See data_loader.py for details.
1.2 Discriminator
a. Padding = 1. Let input size to be 2x, the output size to be x. Then we have (2x-4+2p)/2 + 1 = x. Then we solved p = 1.
b. See model.py for the implementation of DCGAN discriminator.
1.3 Generator
See model.py for the implementation of DCGAN generator.
1.4 Training Loop
See vanilla_gan.py for the implementation of the training loop.
1.5 Experiments
Results
We can see, for the early stage of training, we have a powerful discriminator and a weak generator. So the loss for D is near to 0 and loss for G is close to 1 for both setting. Then, after several epochs of training, the generator started to learn and fool the discriminator so the loss of D increased and loss of G dropped.
Next we can see the improvement of introducing deluxe data augmentation. For the basic setting, at the end stage of the training, the model collapses since it is easy to train a good D and the generator returned to generate random noises. But when we introduce the deluxe augmentation, the training still works and the quality of the images can be gradually improved.
If the GAN managed to train, the D loss should be close to 0 at the start, then it increased to around 0.5 and falls a little. If we assume we have a perfect GAN, the loss of D should be around 0.5 at the end. The G loss should be around 0.5 at the start, then it increased to 1 (since we have a good D), then it dropped gradually. If we assume we trained a perfect GAN, it will dropped gradually to 0.5.
At the early stage of training, G can only generate some random noises. Then, with the adversarial training, it can generate visual realistic images. compared with the basic setting, when we introduce the deluxe data augmentation, we can reduce the chessbord noise and also avoid model collapse problem when we trained a long time. The GAN with basic setting collapses after 6000 iterations but the GAN with deluxe setting still works until the end.
Part 2: CycleGAN
2.1 Generator
See model.py for the implementation of CycleGAN generator.
2.2 Training Loop
See cycle_gan.py for the implementation of training loop.
2.3 Experiments
Results
a. Results after 600 iterations
b. Results after 10000 iterations
c. Observations
We can see, when adding the cycle-consistent loss, the identity of the object keeps better. That is, when we did not include the cycle-consistent loss, although the model can still work, the translated images looks differently from the source images. However, if we include the cycle-consistent loss, the translated image maintains the same identity. That is a benefit with the cycle-consistent loss.
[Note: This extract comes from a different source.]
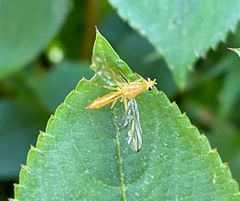 Coelopacidia
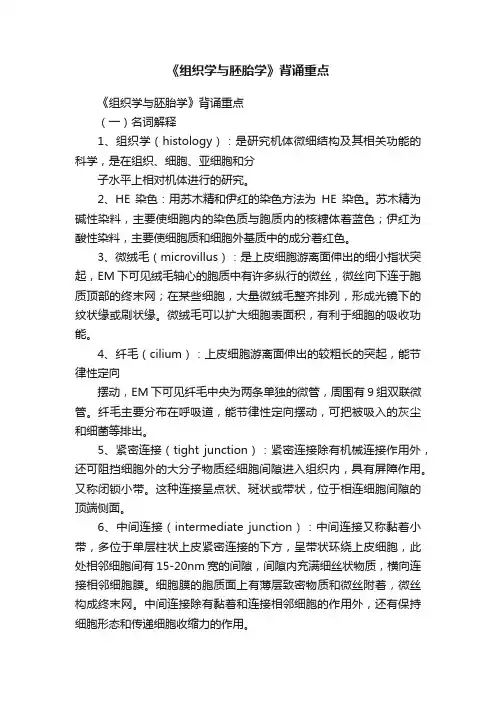 《组织学与胚胎学》背诵重点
However, the transfered images still have some unclear parts which may because of the blur and grayscale data augmentation.
Part 3: Bells & Whistles
a. Differentiable data augmentation
As mentioned above, I also implemented a gaussian blur and a grayscale-based augmentation method.
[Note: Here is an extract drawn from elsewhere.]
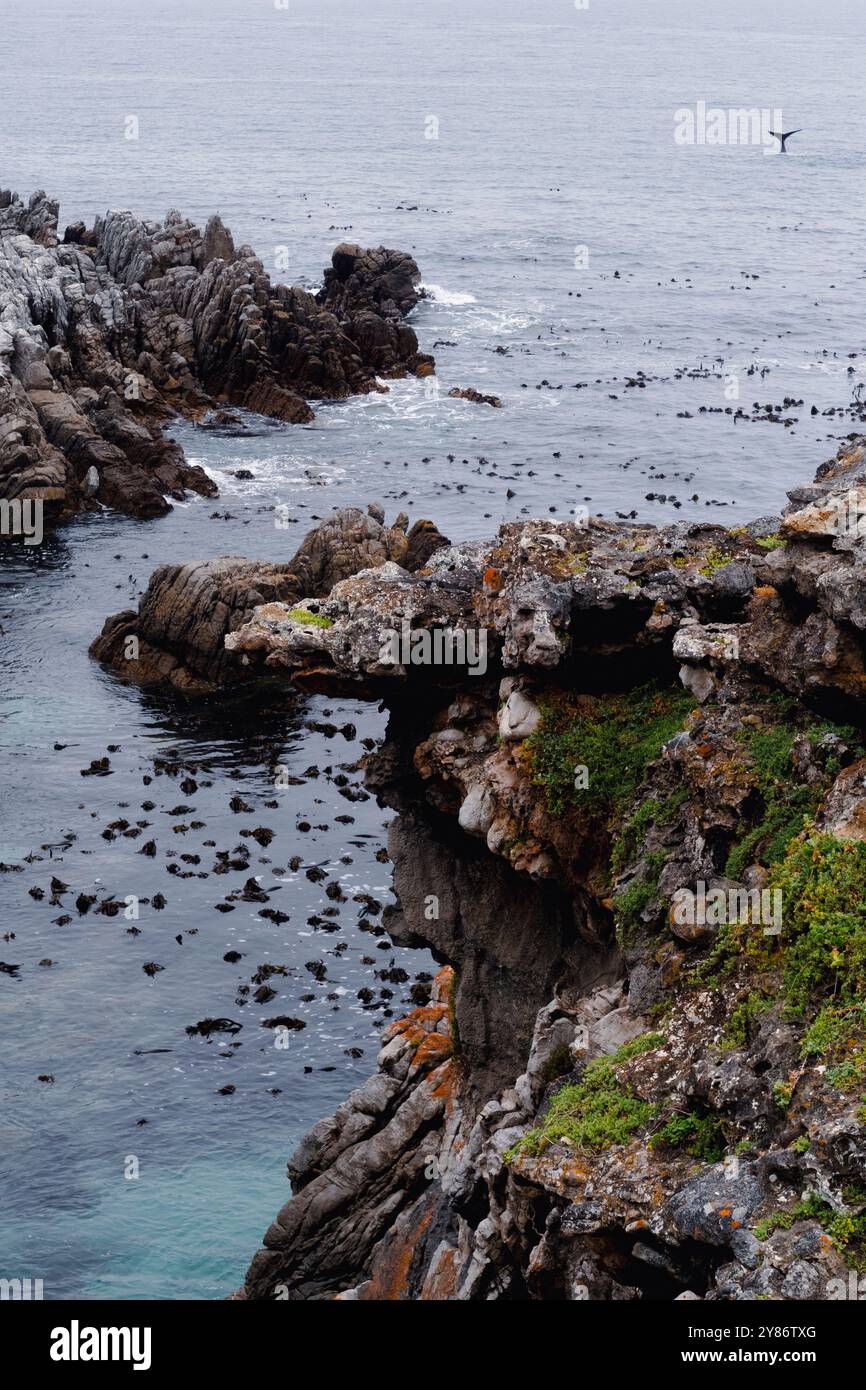Whale Tail sichtbar in der Ferne mit zerklüfteten Felsen und Terrein im Vordergrund in de Kelders, Westkap, Südafrika. Stockfoto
b. Experiments on the Pokemon Dataset
DCGAN
DCGAN did not work well for this dataset. The reason may because (1) The size of the dataset is not as large as the cat dataset; (2) Both fire pokemon and water pokemon do not have some common features, i.e. the shape or the attributes are totally different even two pokemons are from the same category.
CycleGAN
CycleGAN works well for the fire-water translation task.
c. PatchGAN
I implemented the patch discriminator following Jun-Yan's paper and also the discussion on the piazza. See mdoel.py and patch_gan.py for details. Here are some results.
From my results, although I could not find a clear difference between the normal DCGAN, I found the patch discriminator indeed helps training. When I introduce the patch discriminator, the model started to converge after around 200 iterations. In comparison, the normal DCGAN started to converge after around 2000 iterations. The patch discriminator also avoided the model collapse problem. For the visual quality of the patchGAN, I think the reason may be related to the datasetsize and the resolution. If we have a larger dataset and use a higher resolution, the advantage of PatchGAN can be more obvious.